Agrarisch Natuur- en Landschapsbeheer (ANLb)

In 2016 ging het Agrarisch Natuur- en Landschapsbeheer (ANLb) van start. Met het ANLb worden leefgebieden van kwetsbare agrarische diersoorten in stand gehouden en, waar mogelijk, met elkaar verbonden. 

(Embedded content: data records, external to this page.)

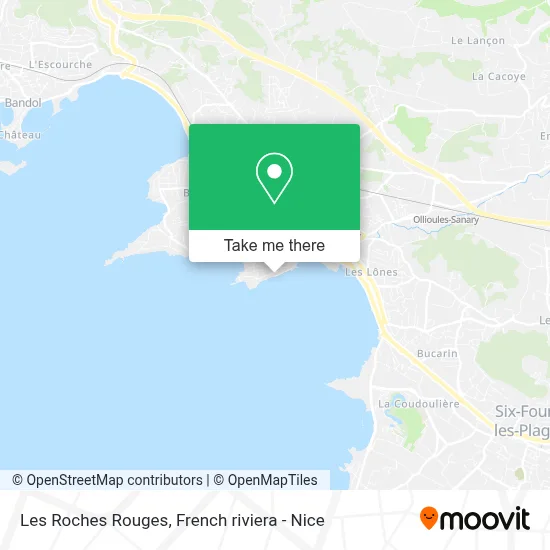 Mapa Les Roches Rouges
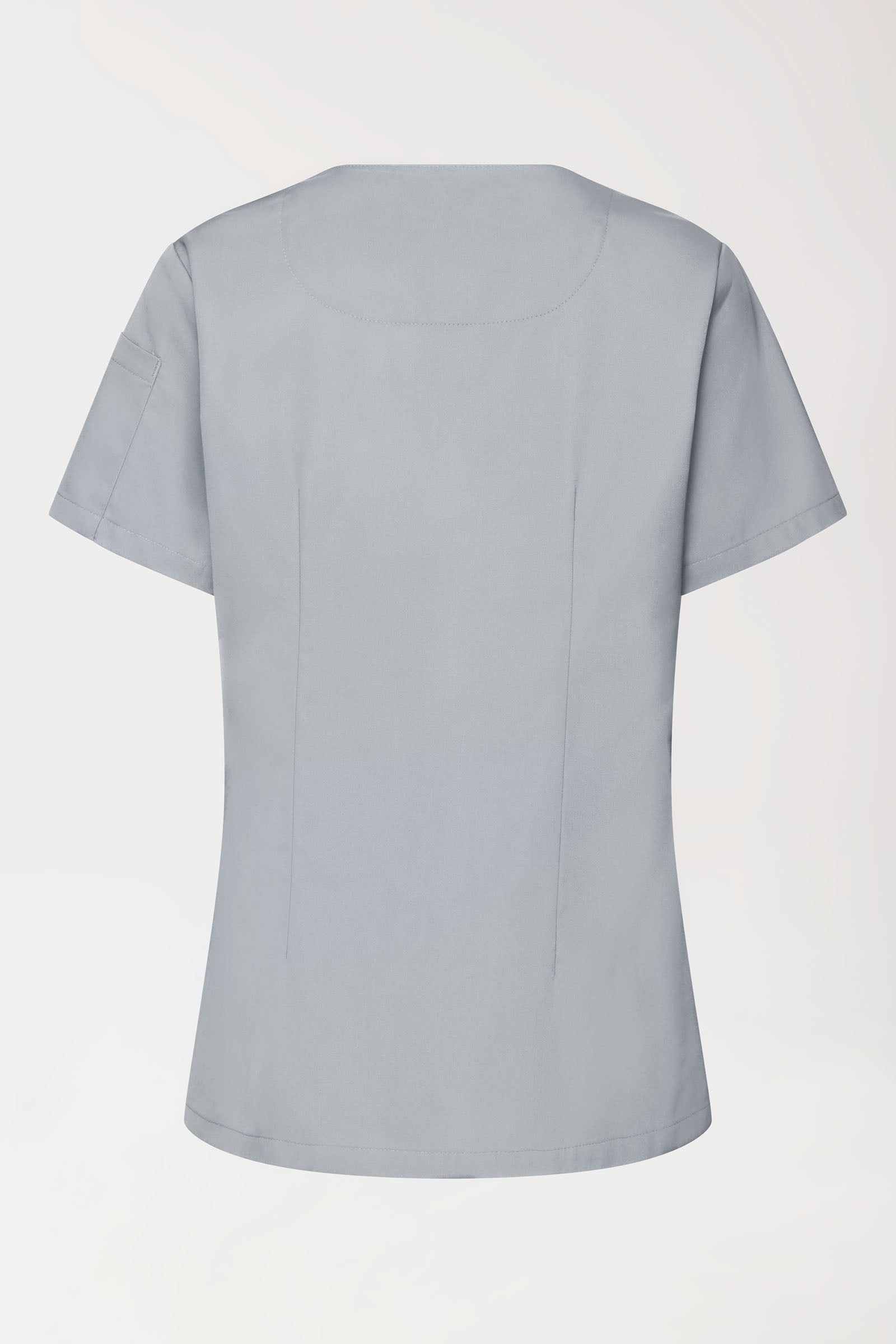 GREEN Tunique Stretch Femme - Décolleté V gris perle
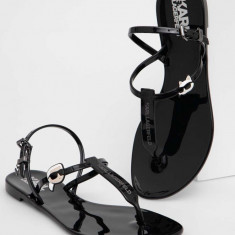 Karl Lagerfeld sandale JELLY femei, culoarea negru, KL80002N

De kern van ANLb is dat agrarische leefgebieden van (dier)soorten van internationaal belang zodanig worden beheerd dat daarmee natuurwinst wordt geboekt. Voor dit gebiedsgerichte agrarisch natuurbeheer is subsidie beschikbaar die deels door de EU wordt betaald. Dit betekent uiteraard dat de EU voorwaarden stelt aan de uitvoering van het ANLb, waaronder ook aan de monitoring van de effecten daarvan. Een deel van de monitoring loopt via tellingen van Sovon-vrijwilligers.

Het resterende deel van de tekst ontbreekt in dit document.